**WHAT THE TASK ASKS**
In the records below, the lines between the one holding "Wedding Photo Board, Collage" and the one holding "Planche noir et", inclusive, are to be transcribed exactly; no pictures are to be included.
(Beginning of SOURCE INFORMATION)
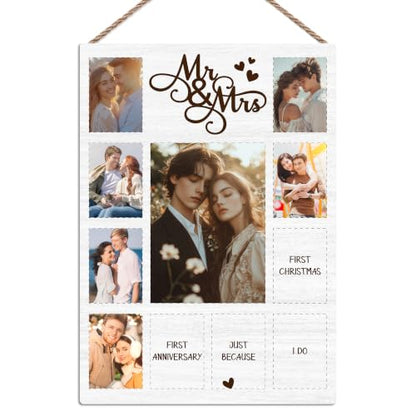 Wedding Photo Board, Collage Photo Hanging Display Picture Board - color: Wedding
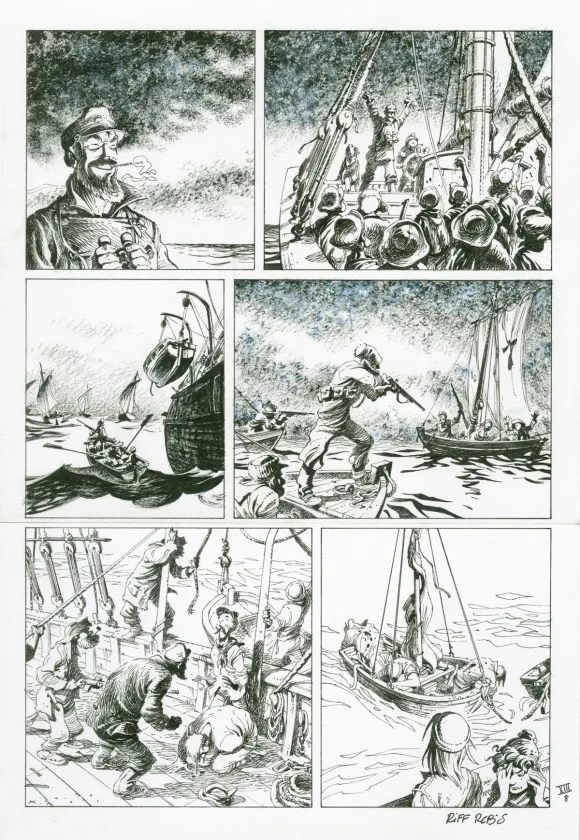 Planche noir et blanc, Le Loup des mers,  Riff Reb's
(End of SOURCE INFORMATION)
(Beginning of SOURCE INFORMATION)
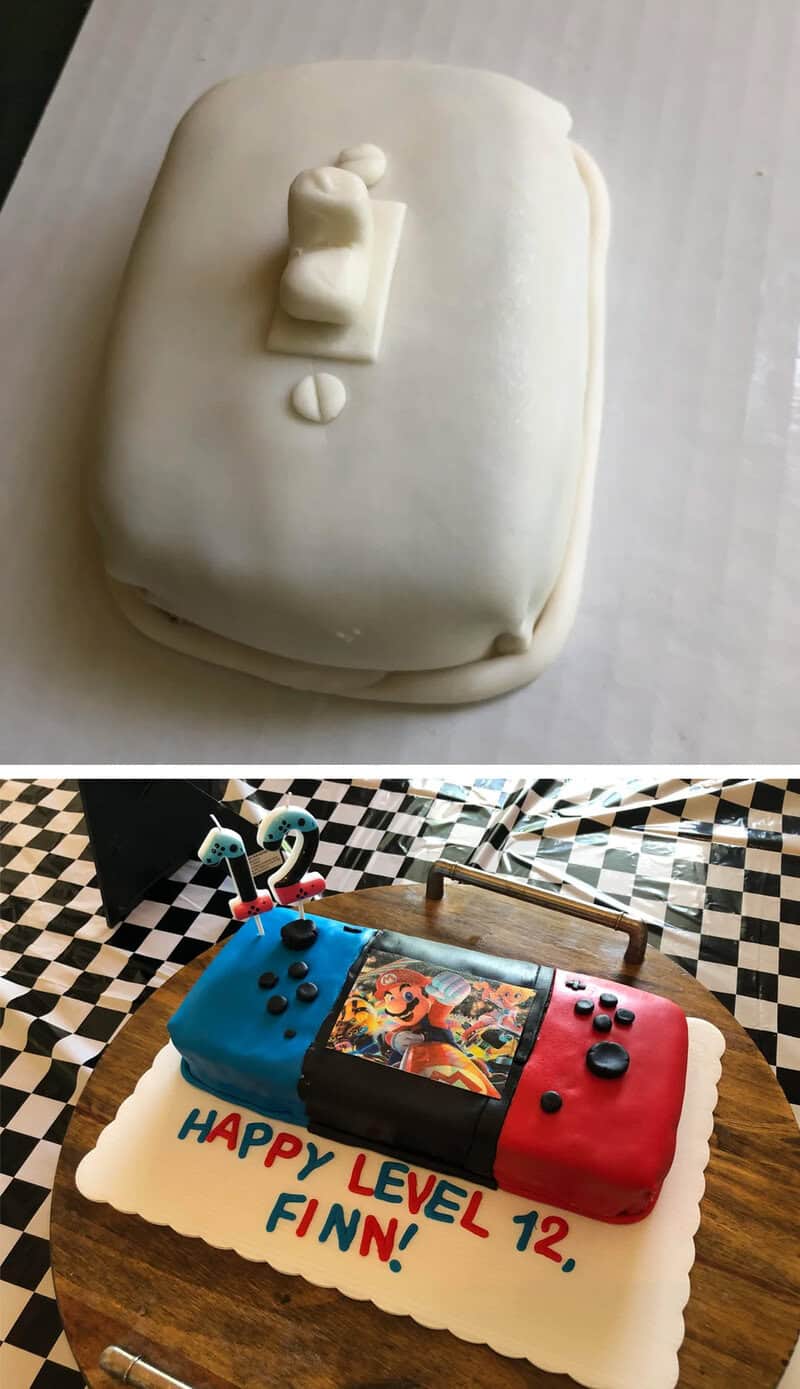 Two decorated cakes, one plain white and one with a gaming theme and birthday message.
(End of SOURCE INFORMATION)
**OUTPUT OF THE EXERCISE**
 Wedding Photo Board, Collage Photo Hanging Display Picture Board - color: Wedding
 Planche noir et blanc, Le Loup des mers,  Riff Reb's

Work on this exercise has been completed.